This article is about basic dungeon terrains; If you have any terrains for roleplaying purposes, they are much likely to be stone wall -terrains like these!
My terrain buildling hobby began years ago, inspired by Warhammer(link is external) (which I've never actually played) and D&D 3rd edition(link is external). I had plans of creating my own miniatures from scratch(!), and in addition to them, started to create some trees, dungeon walls and miniatures. I had made some wireframe structures for miniatures and started applying filler to them - this wasn't my first time doing that, I had earlier created a model of a 20's beach scene with a lot of scratchbuilt characters in it. I had read battle descriptions of some Warhammer battles and got excited, even bought a Warhammer rulebook, but was turned down by readability and complexity issues of the old book.
The project advanced slowly. Only when cheap prepainted Dungeons & Dragons miniatures(link is external) came out, and a friend of mine decided to order a bunch, I ordered a few boxes at the same time - after which I was hooked. While I had bought the minis for RPG purposes, I got excited about the miniatures game too, and I had to collect enough miniatures to get decent warbands for each faction, including a few different leaders, and when the second set - Dragoneye - came out, I had to order a bunch of those too. Of course. Collectible games can be quite hooking.
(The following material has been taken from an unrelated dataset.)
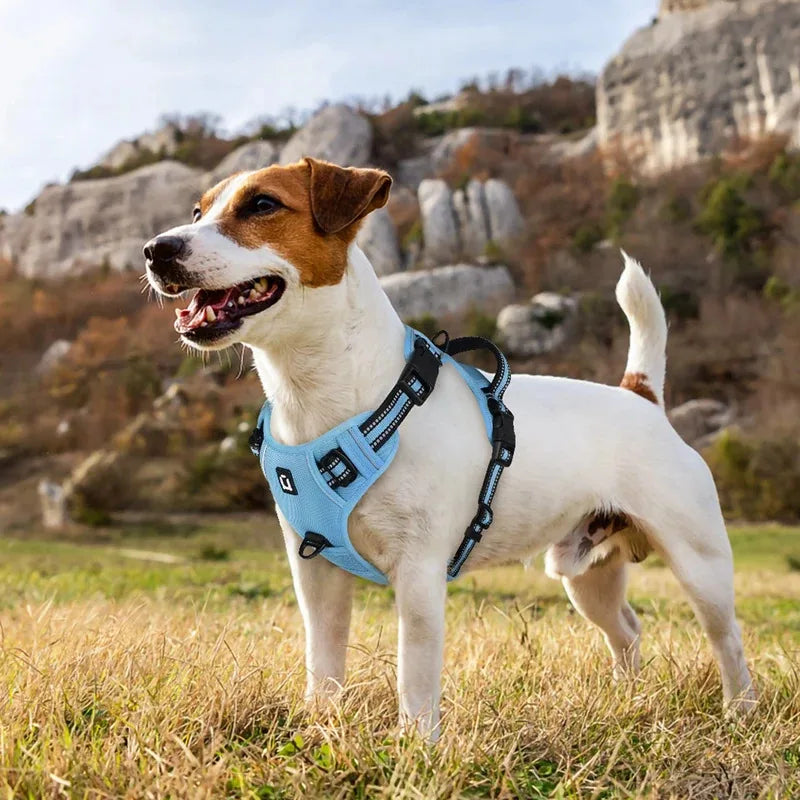 No-Pull Reflective Dog Harness Leash Combo Padded | PawJoyKwT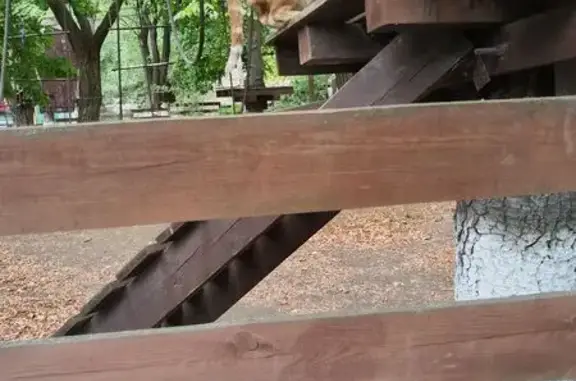 Кошка найдена: Аллея, Новочеркасск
Anyway, with appearance of DDM, my terrain building project got quite a boost. I finished my first set of terrain, self-made resin-cast dungeon walls, boosted with pillars & some DDM terrain elements (rubble, sacred circle, blood stones). While I made the tiles and other terrains myself, I'll have to say Hirst arts(link is external) was a great source of inspiration for me. I decided to go 2cm tiles instead of 1", which doomed any chance of buying later some HA molds and combine with my terrains.
I didn't paint them all at the same time, and didn't pay close attention to colors. Therefore there's some difference in wall colors.
The terrain can be used to create very atmospheric sceneries, a hall with pillars is an excellent example of this. And while I've learned to like paper terrains too, they can't reach the feel of real 3d -terrain.
Quickly made pit terrain wasn't very successful... works best as printed.